Civil society has played a key role in Scotland’s recent history.  It served as a catalyst for the creation of the devolved Scottish Parliament and in the short lifetime of the Parliament has campaigned for such causes as Freedom of Information, free social care for the frail elderly, land reform, the ban on smoking in public places, increased rights for people with mental health problems and better protection for children and vulnerable adults.

While Scottish civil society appears healthy enough it  falls far short of contributing its full potential to Scottish life.   Many activists believe that the sector could play a much larger part in delivering high quality public services and in empowering local communities.  While voluntary organisations have been effective campaigners and lobbyists of the Scottish Parliament they have been less successful in translating their service experience and their ambitions for the public good into persuasive policy proposals.  The few Scottish policy ‘think tanks’ which exist are desperately under funded leaving Scotland over dependent on London for new policy thinking.  The asset base of Scottish civil society is weak: only about 3% of the income generating assets of grant giving trusts in the United Kingdom are owned by Scottish trusts.   Extraordinarily, apart from the Shetland Charitable Trust whose grants go exclusively to the 22,000 residents of Shetland, no oil funded charitable foundation has been created in Scotland during Scotland’s three decades to date as a major oil producer.

Scottish independence would offer no magic solution to such weaknesses but it would strengthen the dynamic for change.  While civil society is independent of the state at its best it is in dynamic interaction with the state.  A Scottish Parliament with responsibility for all areas of Scottish life and the powers to match would stimulate Scots in all fields of activity to raise their ambitions for Scotland.  Independence would require that Scotland judge itself by the standards of the  best small countries in the world - to be found mostly among our independent northern European neighbours - rather than by the standards of UK regions.   It would strengthen the incentives for concerned citizens to mobilise to influence the Scottish public, Parliament and Government.

Given the bias of Scottish politics it would also improve the opportunities for some of the key causes championed by voluntary organisations.
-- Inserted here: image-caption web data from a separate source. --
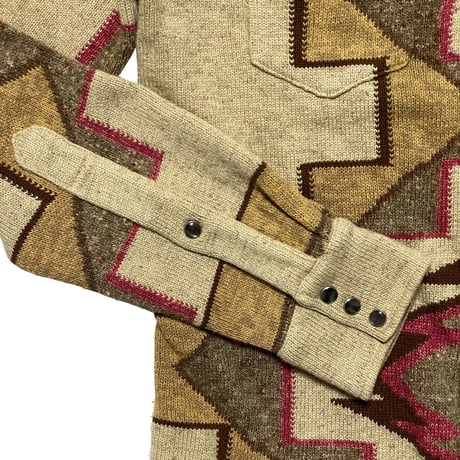 RRL RALPHLAUREN　"NAVAJO" NATIVE WESTERN SHIRT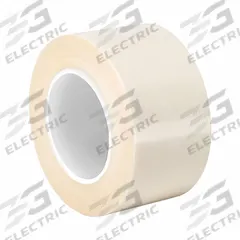 TAPECASE Film Tape: 3 in Wd, 36 yd Lg, 11.5 mil Thick, Acrylic, Polyolefin Film, Transparent (MPN 15D452). Key specifications — Series: 2302-10.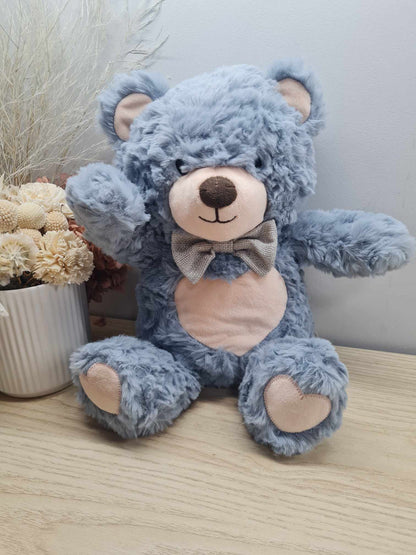 Baby Birth Detail Teddy Bears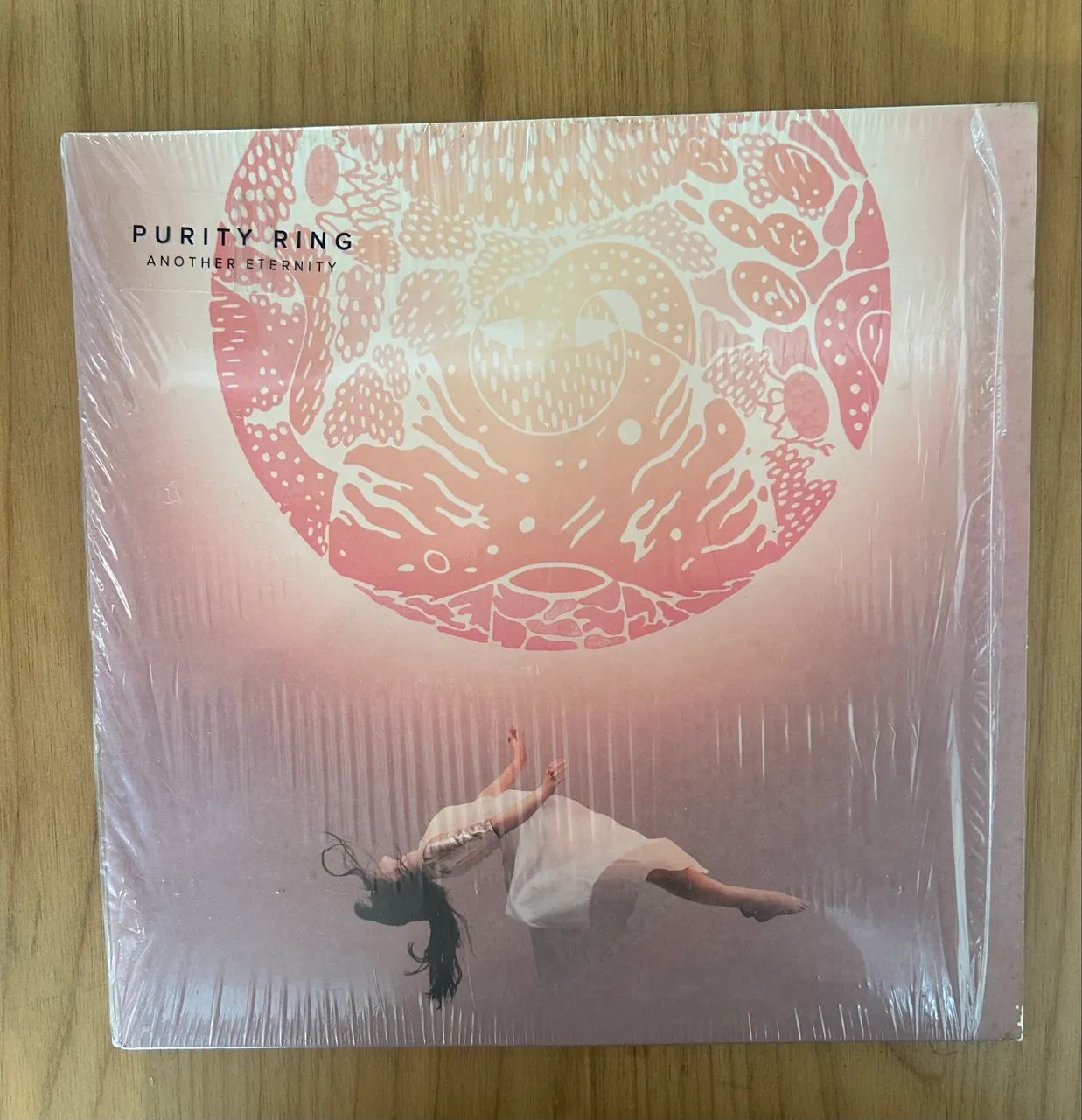 VINIL PURITY RING - ANOTHER ETERNITY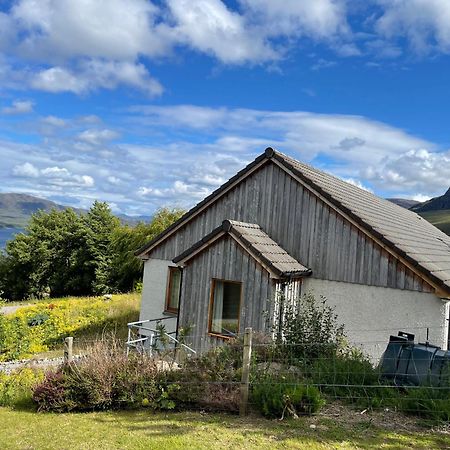 Langridge Highland Home Badcaul 외부 사진
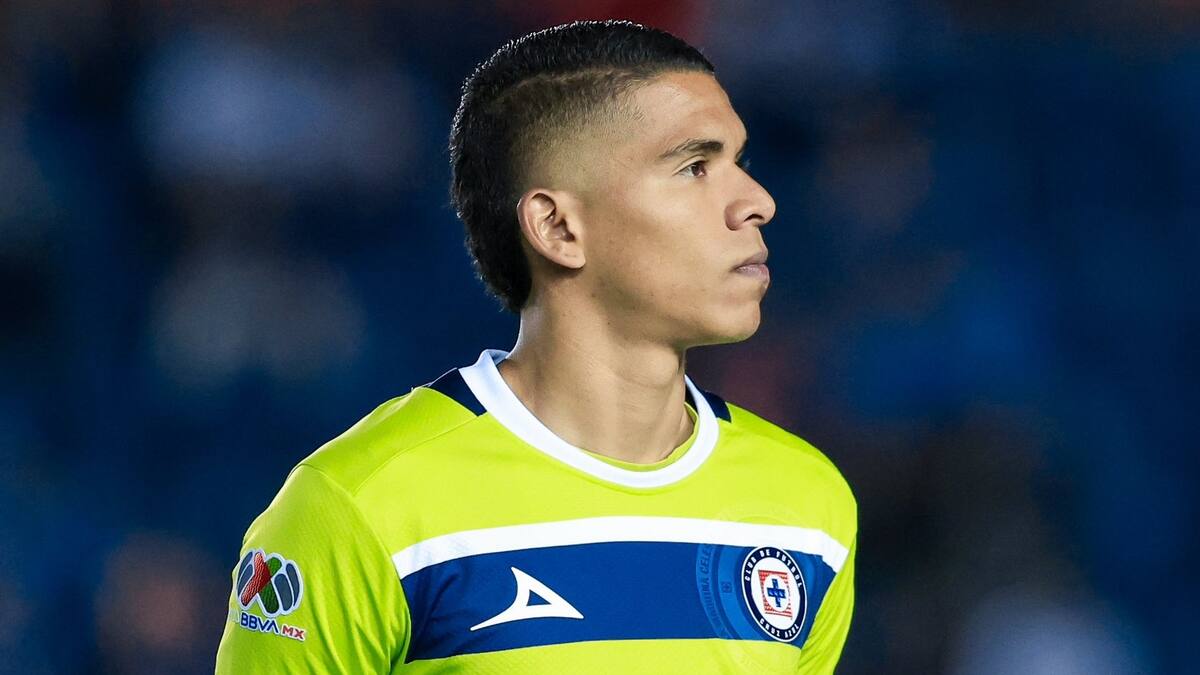 El santandereano Kevin Mier reta al América en las semifinales de la Liga de México.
For example Scotland’s anti-poverty organisations could hope that Scots’ acquiescence in one in five of their children growing up in poverty would not survive benchmarking with other independent countries such as Norway and Sweden where child poverty levels are below 5%.  Environmental groups could expect that a progressive Scottish consensus focused on Scotland’s potential as a centre for alternative energy would be developed in a country newly responsible for its own environment and for its impact on the global environment.  Peace groups could hope that a Scottish Government would follow other small social democracies such as Norway and New Zealand by denying the use of its territories to nuclear weapons, so challenging the future of the United Kingdom’s nuclear deterrent as it faces massive replacement costs.  International development organisations might hope to persuade the Scottish public that their contribution to international development should match that of the Norwegians and Swedes at 1% of GDP instead of the UK’s 0.4%.  Civil liberties and human rights organisations could work to ensure that an independent Scotland rejected the UK’s impulse to meet its security needs by military intervention abroad and authoritarian clampdowns at home.  And control of the oil revenues would provide the means of rebuilding Scotland’s capital base, including the strengthening of  the voluntary sector’s endowment base.

None of these outcomes can be guaranteed.  A nation’s future direction of growth can never be predicted with certainty.  But the application of the principle of self-determination to Scotland’s political future would inject new energy to a civil society which draws its energy from the same source.